John O. Brennan, the director of the Central Intelligence Agency, said last week that the Paris attacks, as well as the downing of the Russian jet over the Sinai Peninsula and the suicide bombings in Beirut, all bore the “hallmarks” of the Islamic State.
The timing of the Russian charter jet crash with the attacks in Beirut and Paris is the most visible indication yet that the Sinai Province group may be taking broad guidance from the Islamic State, counterterrorism officials said.
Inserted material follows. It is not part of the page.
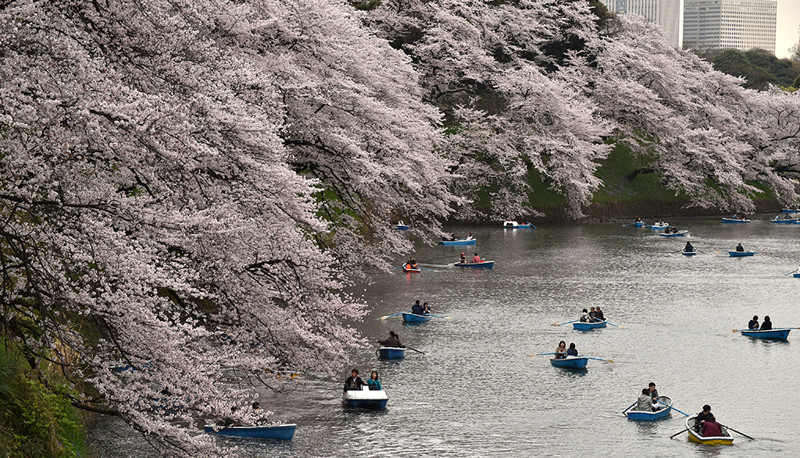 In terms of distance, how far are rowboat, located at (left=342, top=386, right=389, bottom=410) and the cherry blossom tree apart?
7.57 ft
“Europe has been taken by surprise by Daesh’s ability, determination and motivation to carry out such spectacular, coordinated and violent attacks outside the territory it holds instead of focusing on consolidating the caliphate,” said another senior European counterterrorism official, using an Arabic acronym for the group.
It should not have been. Abu Musab al-Zarqawi, the leader of Al Qaeda in Iraq, the forerunner to the Islamic State, was always interested in external attacks, notably the bombing of three hotels in Amman, Jordan, in 2005 that killed 60 people, according to American and European intelligence officials.
Representative Adam B. Schiff of California, the senior Democrat on the Intelligence Committee, said that the Islamic State’s main priority for its first year had been to consolidate control over territory in Iraq and Syria, but that the external operations cell had grown in stature, first promoting so-called lone-wolf attacks and now most likely directing specific plots.
“In the case of Paris,” Mr. Schiff said, “we’re still trying to determine the extent of control by the external branch, and how much discretion was given to the operatives in Europe to pick the time, place and manner of attack.”